= Task to carry out =
Retype, without pictures, the line holding "ทำนายฝัน มีคนเอาถ่านมาให้" and each line below it through the final line.
——————
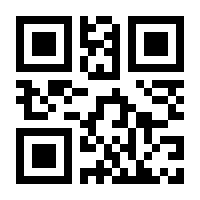 QR-Code zur Buchseite 9783941209244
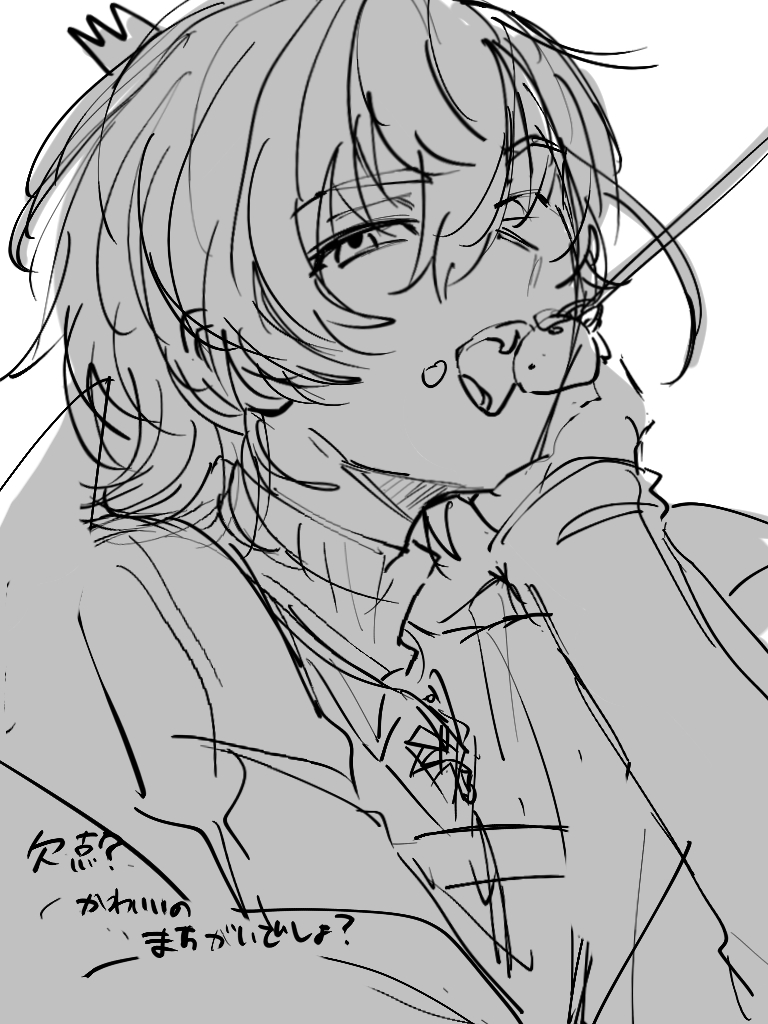 N0va✧にじそ10【東4ふ-22】 (@dandelion33_) on Twitter photo 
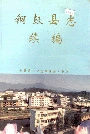 铜鼓县志续编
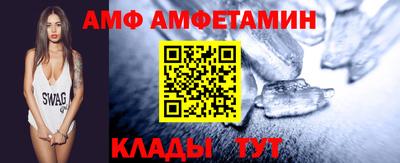 каннабис Беслан
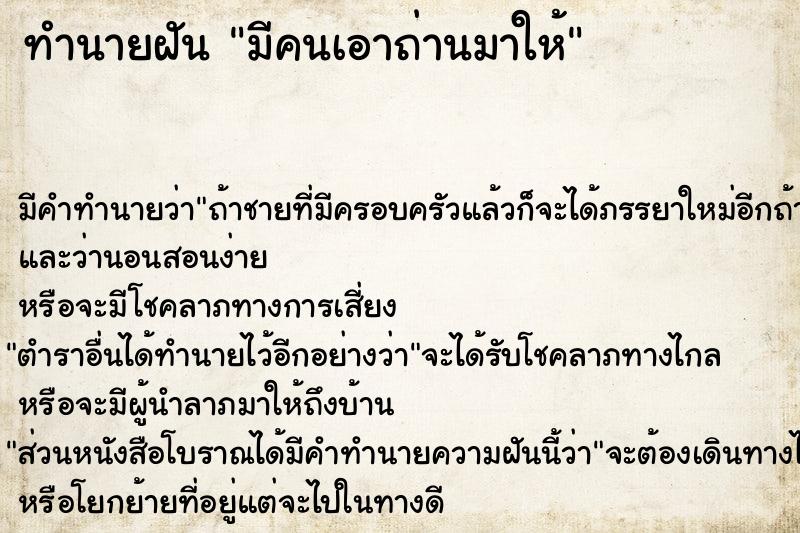 ทำนายฝัน มีคนเอาถ่านมาให้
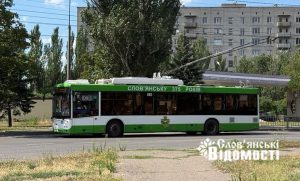 Завтра,12 вересня, змінюється розклад руху тролейбусів Слов’янська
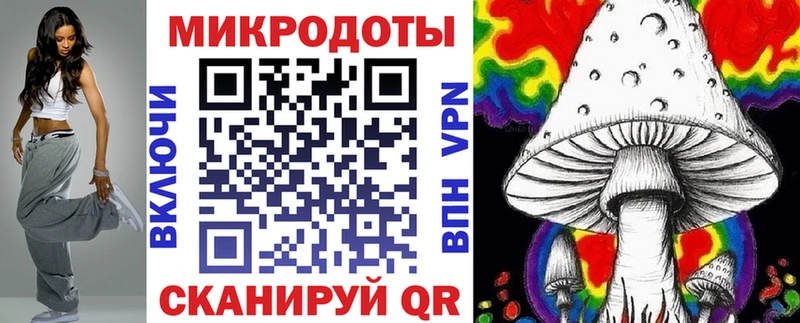 Псилоцибиновые грибы мухоморы Новый Оскол
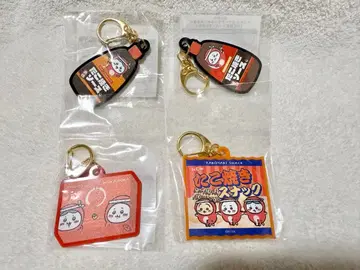 치이카와 랜드 신사이바시 한정판 키링 4개 세트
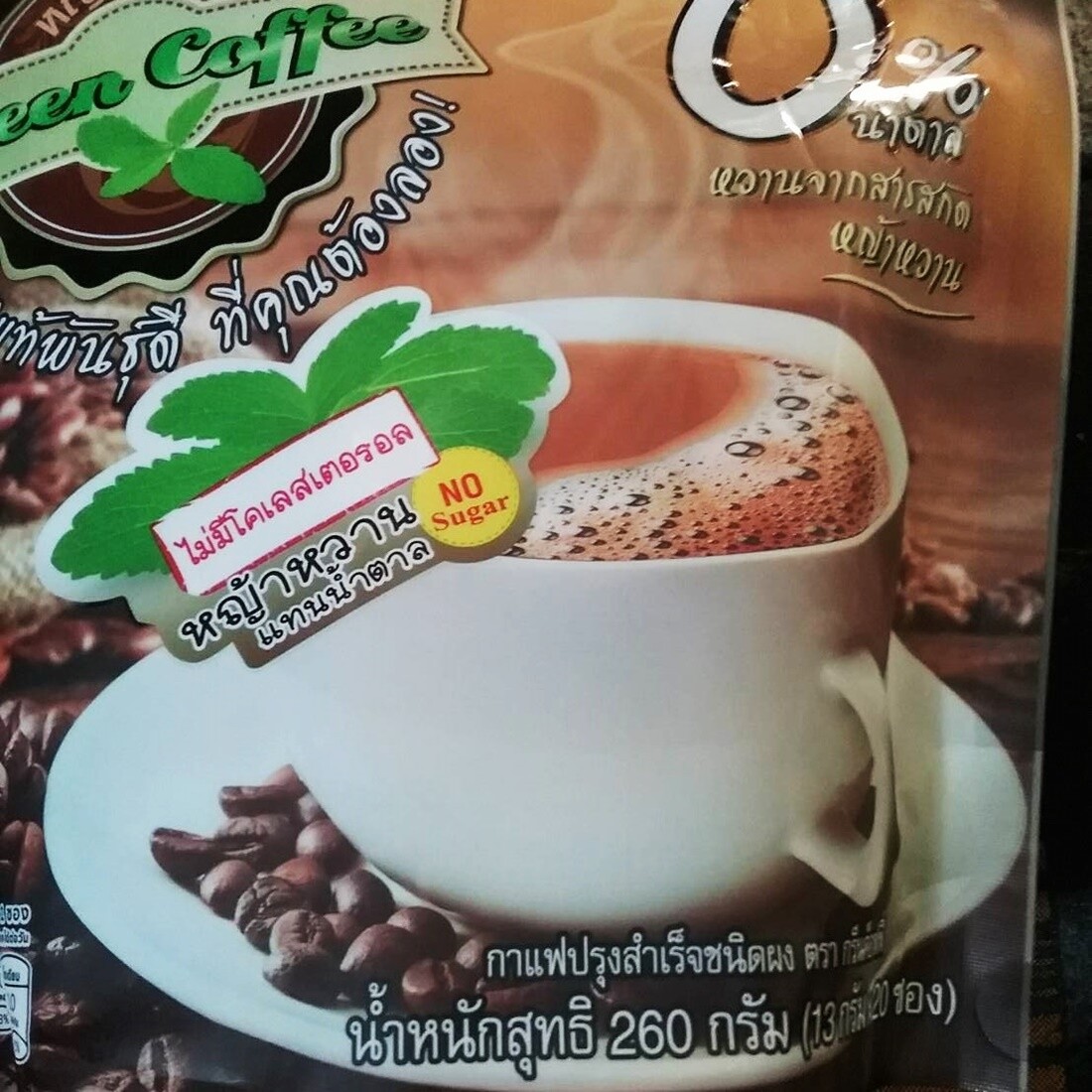 Instant Coffee Mix Powder Weight Control Stevia Sticks Slim No Sugar Trans Diet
——————
= Finished task =
 ทำนายฝัน มีคนเอาถ่านมาให้
 Завтра,12 вересня, змінюється розклад руху тролейбусів Слов’янська
 Псилоцибиновые грибы мухоморы Новый Оскол
 치이카와 랜드 신사이바시 한정판 키링 4개 세트
 Instant Coffee Mix Powder Weight Control Stevia Sticks Slim No Sugar Trans Diet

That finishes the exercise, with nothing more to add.